Il libro racconta la storia di Nico, 12 anni, che vive con mamma, zia, nonna, bisnonna e cugine varie in un casolare fuori città – ci sono donne più anziane che hanno imparato a dire No solo con gli anni e l’esperienza e che insegnano la bellezza della disobbedienza ai più giovani. Nonna Nicolina, per esempio, “ci tiene molto alla parola NO! Dice che è una delle sue preferite, perché nella sua lunga vita – racconta Nico – ha detto troppi sì senza essere convinta. Disse sì quando avrebbe voluto studiare Fisica e si fece convincere a iscriversi a Lettere. Disse sì quando era innamorata segretamente di un compagno di studi ma si fece convincere a sposare il bisnonno perché era straricco. Disse sì quando avrebbe voluto insegnare a scuola ma si fece convincere a rimanere al casolare per occuparsi della piccola Alberta.

La casa editrice spiega che è importante guidare bambini e bambine ad avere una voce forte e chiara sui propri diritti, sia affinché nessuno approfitti di loro, sia perché in futuro non diventino adulti/e che approfitteranno degli altri.

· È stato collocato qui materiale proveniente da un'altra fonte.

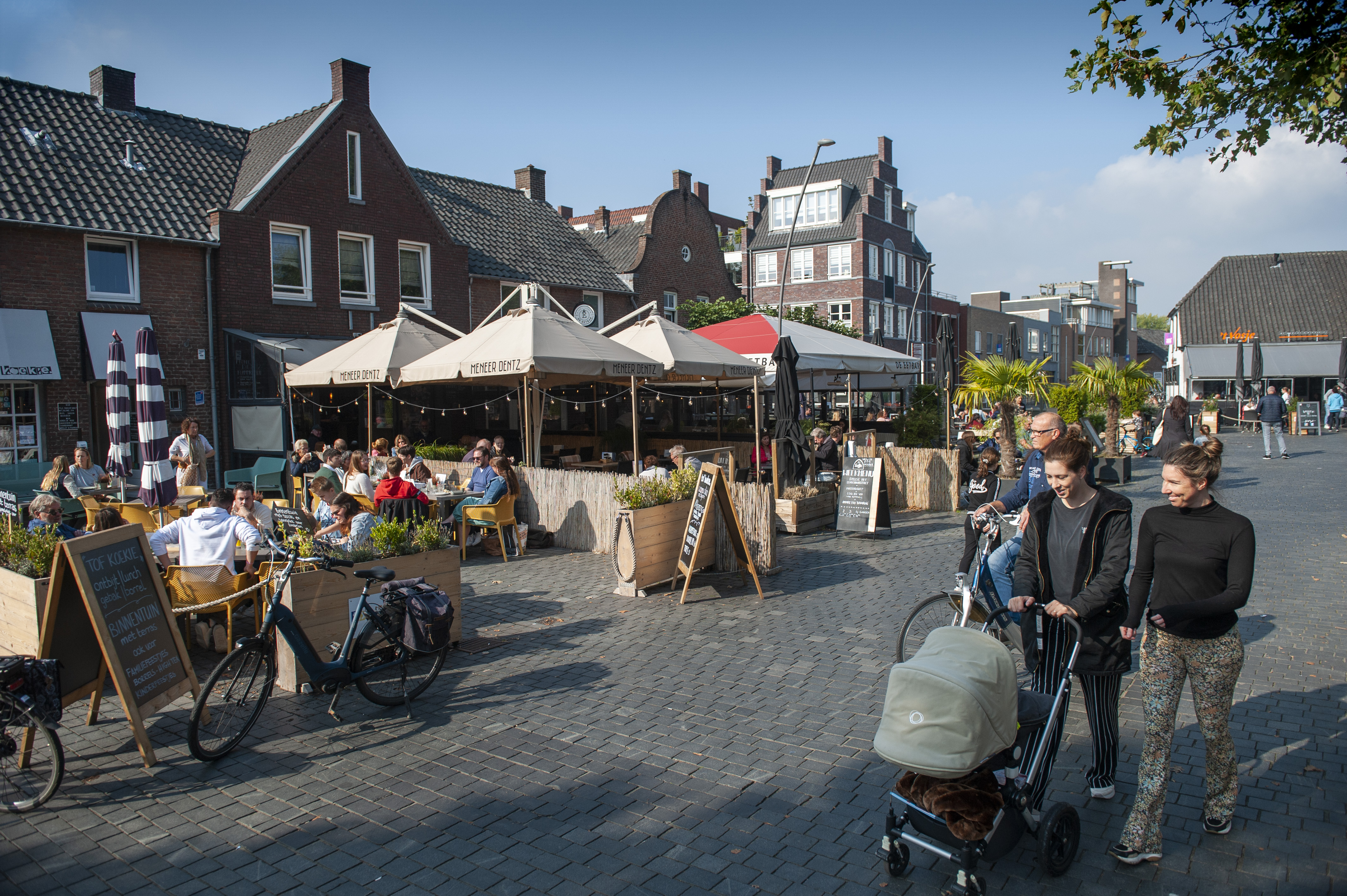 Rosmalen 5301.jpg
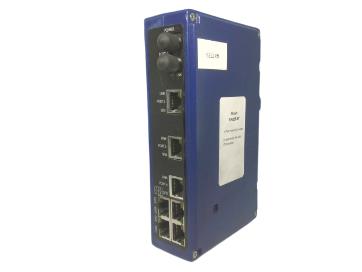 ADVANTECH EIR208-MT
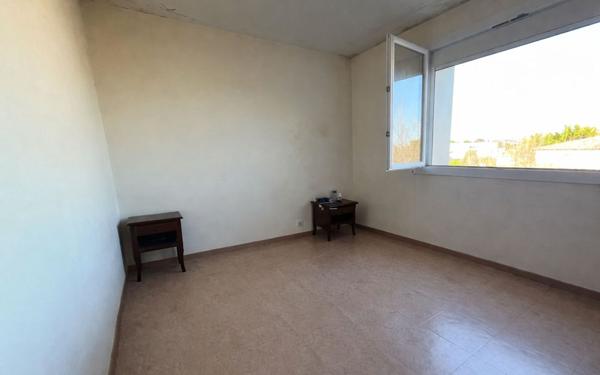 Maison à vendre    4 pièces •  Mèze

Altrettanto fondamentale è insegnare sin da piccoli/e che può essere giusto dire NO quando qualcuno vuol decidere sulla loro vita senza tener conto dei loro desideri; a maggior ragione se e quando queste decisioni non sono supportate da validi motivi ma condizionate da idee stereotipate.

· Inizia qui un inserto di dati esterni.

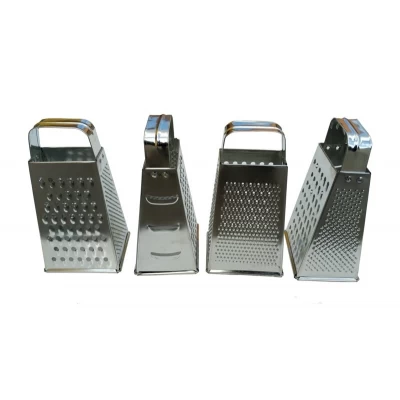 ТЕРКА КОНУСНАЯ «ХАРЬКОВ» УСИЛЕННАЯ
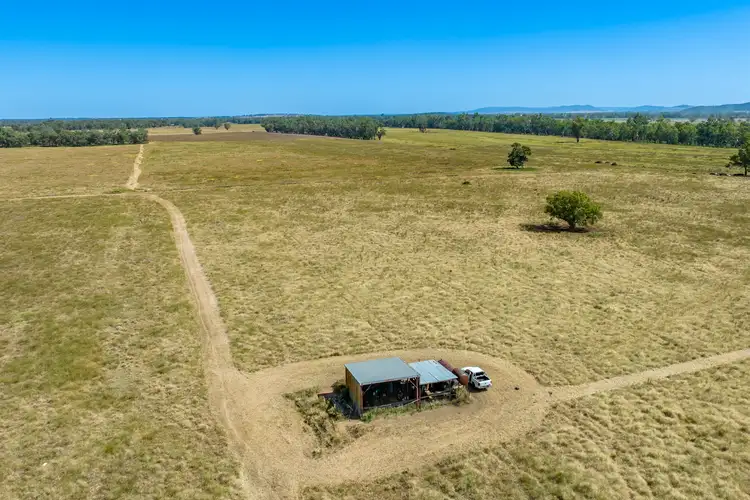 Seventh view of Homely rural property listing, Lachlan Valley Way, Gooloogong NSW 2805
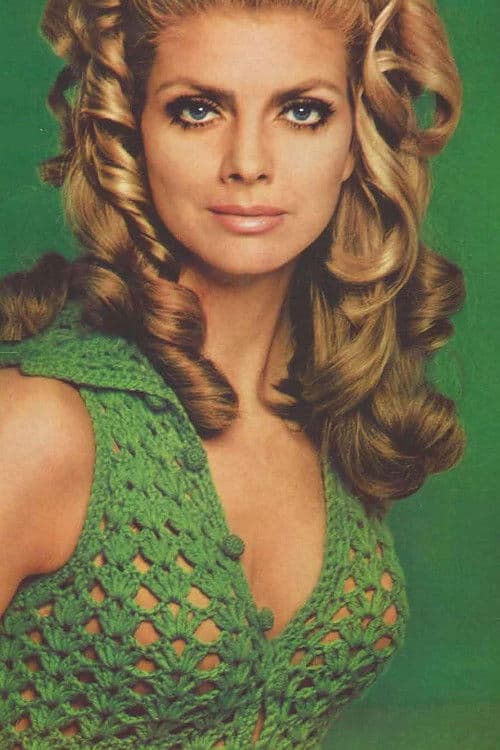 Heather Hewitt profile photo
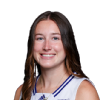 Chelsea Graiver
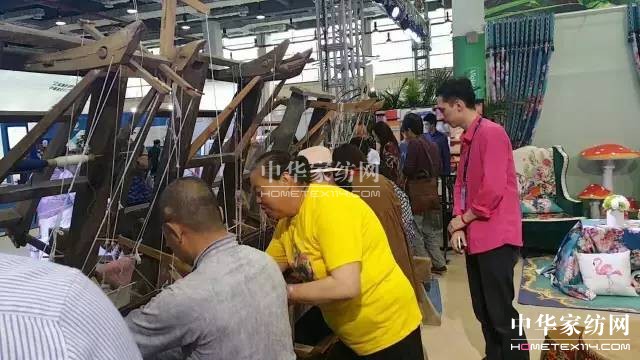 贺Ǆs ҼИI(y)ƾߡٳ@Ҫġ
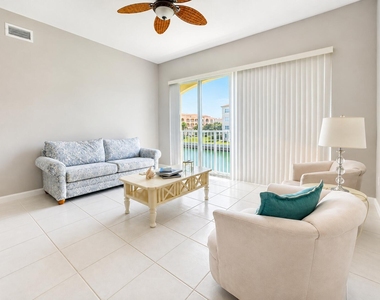 6 Harbour Isle Drive E - Photo Thumbnail 17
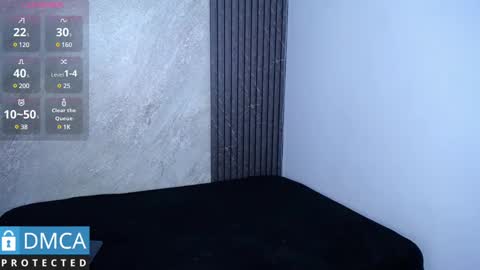 Sol  online show from February 21, 2025, 6:37 pm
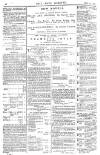 Pall Mall Gazette Friday 23 July 1880 Page 16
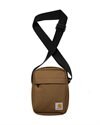 Carhartt WIP Jake Shoulder Pouch (I031582.1ZD.XX.06)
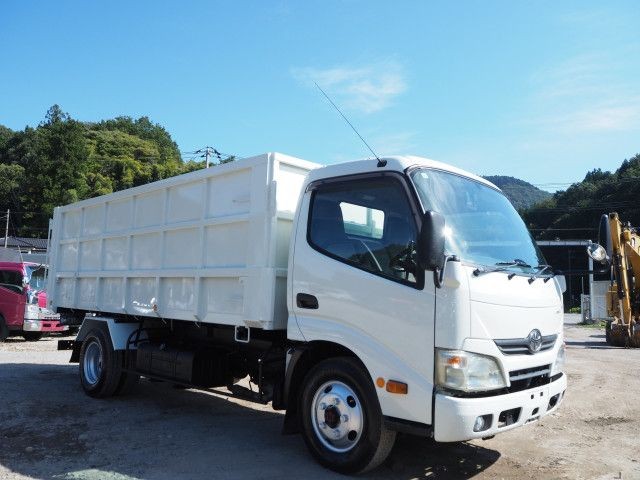 d78aaa0bb96103fceae126e833b46552.jpg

I grandi, i genitori in particolare, hanno il dovere di guidare i/le figli/e nelle scelte, ma ciò non significa che devono sostituirsi a loro. Devono consigliare sì in base alla propria esperienza, ma con la consapevolezza che non sempre ciò che ritengono “giusto” per loro lo sia anche per i propri figli. Ogni genitore dovrebbe poi sempre fare i conti con i propri pregiudizi e idee stereotipate, in modo da superarli e non trasmetterli a chi rischia di esserne suggestionato per sempre.

Dire NO non si traduce dunque in egoismo o rifiuto di relazione, ma in consapevolezza e coscienza di sé: non è possibile instaurare rapporti armoniosi con gli altri se prima non si crea armonia in se stessi.